Silty clay has a high percentage of clay (40-60%), around 40-60% silt and very low sand if any (0-20%). Feeling the clay, it was very smooth and easy to manipulate. But having clay and silt together means a majority of the soil is very small particles that have very little space to let water filter through. This means that nutrients and water may settle and take a lot longer to get into the groundwater supply. In fact, the area I was surveying had a lot of standing puddles near high grasses.
I didn't see any earthworms, which I normally associate with rich soils but I did see snails on top of the soil. I would imagine earthworms don't like clay/silt soil as much because it's harder to move through with little space and high compaction. The earthworms help move air into the soil so I think they would be prevalent in sandy soil.
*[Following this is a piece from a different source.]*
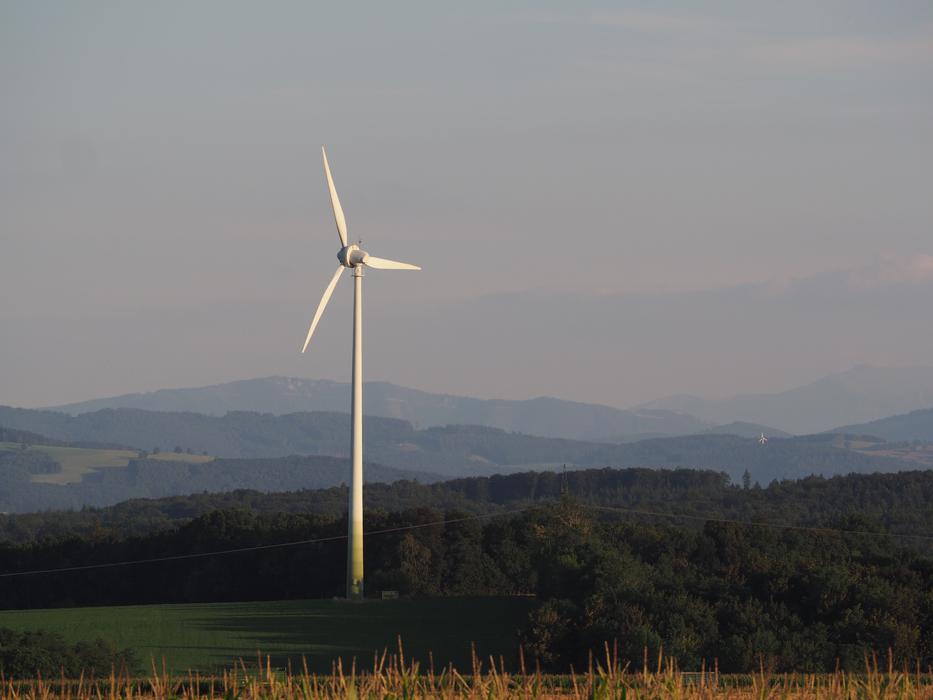 Beautiful and colorful landscape with the pinwheel on the green hills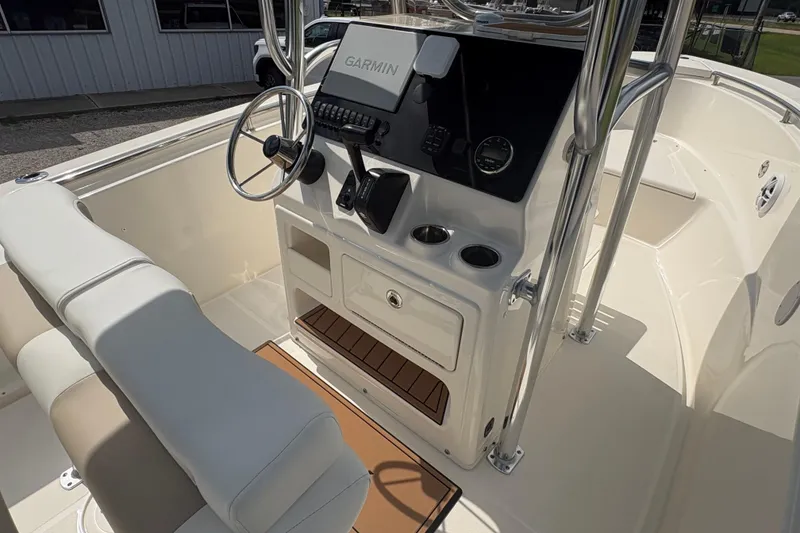 Slide: The Image of 2024 Bulls Bay 230 Center Console boat interior with Garmin navigation system. - 10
The snails would seem more accustomed to wetter environments and stay on top of the soil so silty clay is more appropriate.
Like I mentioned before, lack of earthworms mean the soil isn't being turned over as much and there is less aeration. The snails probably like the wet soil but I don't know if they would contribute anything to its qualities. Lack of certain creatures probably attribute to the qualities.
The soil would not likely be eroded, especially in the area I was looking at. Most of it is moist and compacted so it has a hard time losening up. Any major rain events would make it more compact and saturated and other events, like pulling up the roots of plants that keep the soil in place, probably wouldn't do much. There also wouldn't be much erosion in this area because most of the ground is covered in tall grasses or trees, keeping the soil firmly in place. There aren't large areas of exposed soil that might make it more prone to erosion. If anything, it might erode around the stream banks into the river, affecting the turbidity and cleanliness of the water.
Soil texture is a very important variable to think about when considering abiotic conditions that affect organisms. It impacts what sort of small organisms live in the soil, which may affect herbivores and thus carnivores in the area (so the life cycle). And the tendency for water to collect or filter through may influence standing bodies of water that draw in animals. Also, soil texture would dictate which plants are growing in that area. And the plants that grow would also affect the other organisms living around them.